Mas, é nesse contexto narrativo que também podemos vislumbrar mais um passo dessa mistagogia: a dimensão messiânica do projeto de Deus. A voz que os apóstolos ouvem faz a mesma declaração ouvida no Batismo de Jesus: Este é meu Filho! Escutai-o! – Jesus é o Messias-Servo.
Moisés e Elias desaparecem, só fica Jesus. A Torah e os Profetas são integrados na Boa Nova. Daqui para frente ele é a Palavra.
Uma nova re-velação emerge nas entranhas desta mesma realidade: “Tu és meu filho amado!”.
É Deus que está presente e, com ele, tudo é novo e transfigurado. Momentos de oração, de subir a montanha, nos fazem perceber qual a direção de nossa vida, contudo, o caminho é do seguimento do Mestre, do Messias-Servo.
A kénosis é a gloria. A encarnação é a páscoa. Só há um caminho para a vocação cristã.
Dando mais um passo nessa mistagogia tão linda, nos encontramos com o grande marco dessa estrada: a Palavra. Como seguir? Como prosseguir? Como reavivar nossa relação com Deus? Como enraizar nossa vocação? – Escutai-o!
É preciso voltar a Jesus, ao Espírito de Jesus. É preciso , deixar-nos seduzir não só por um ideal, um sonho, uma missão, mas pela pessoa de Jesus. Ele é o mistagogo, é quem nos conduz, é a revelação que faz novas todas as coisas e armou sua tenda entre nós.
Estamos diante de um caminho de iniciação. Podemos, às vezes, achar que já temos um caminho assumido, e esquecemos que ele é dinamizado, ele é movimento e mistério. Mas ele é também é assumido no Amor que tudo suporta e conduz.
Somos discípulos e discípulas no caminho. Por vezes com medo, por vezes, inseguros, por vezes tentados a repousar em alguma etapa. Mas é certeza da voz de Deus em nossa história que nos sustenta e conduz sempre.

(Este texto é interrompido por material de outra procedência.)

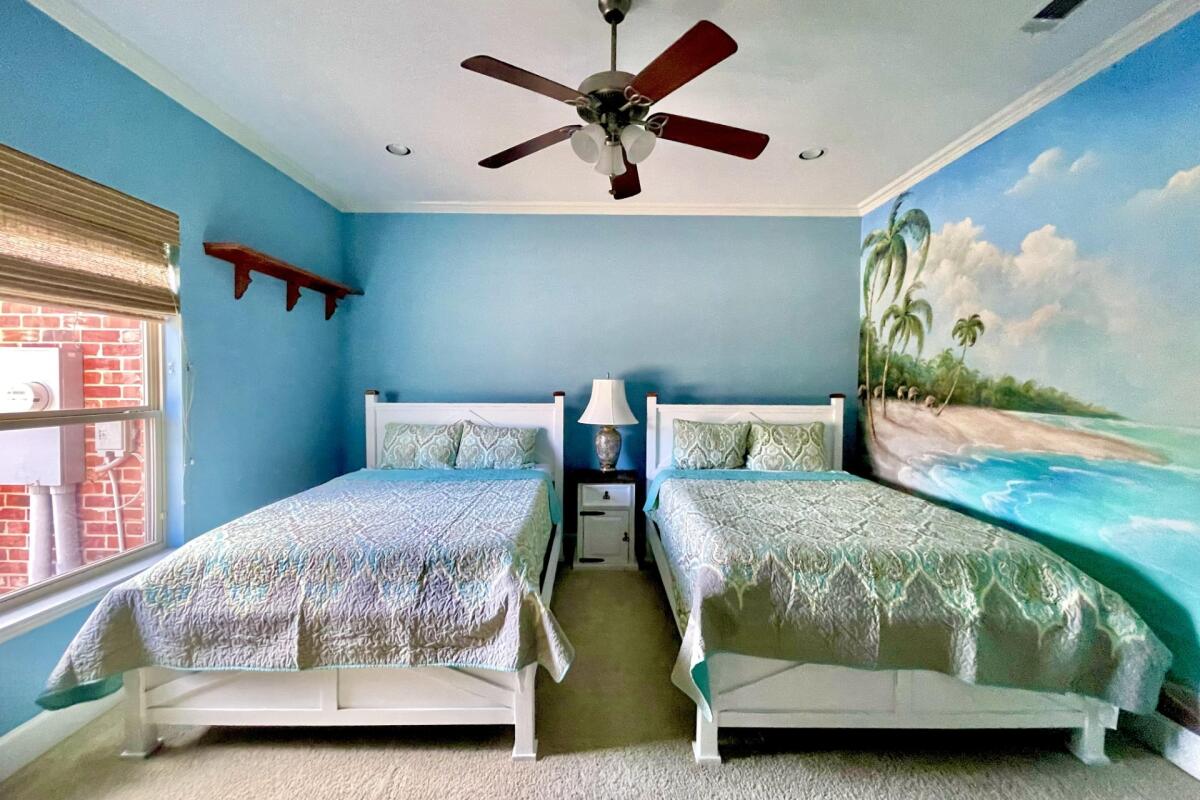 Blue bedroom onsite accommodation at the dream ranch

Então, subamos a montanha, vivenciemos o silêncio, entremos em contato com nossas inseguranças e contextos, contemplemos a Transfiguração e ouçamos, mais uma vez, o convite que teimosamente ecoa em nossas vidas.
Prossigamos na espiritualidade quaresmal, que é essencialmente um caminho de travessia, um caminho pascal. É o caminho crístico: o sol de nossas vidas, a morada de Deus, a shekinah que ilumina, mas também protege.
“Levantai-vos, e não tenhais medo!”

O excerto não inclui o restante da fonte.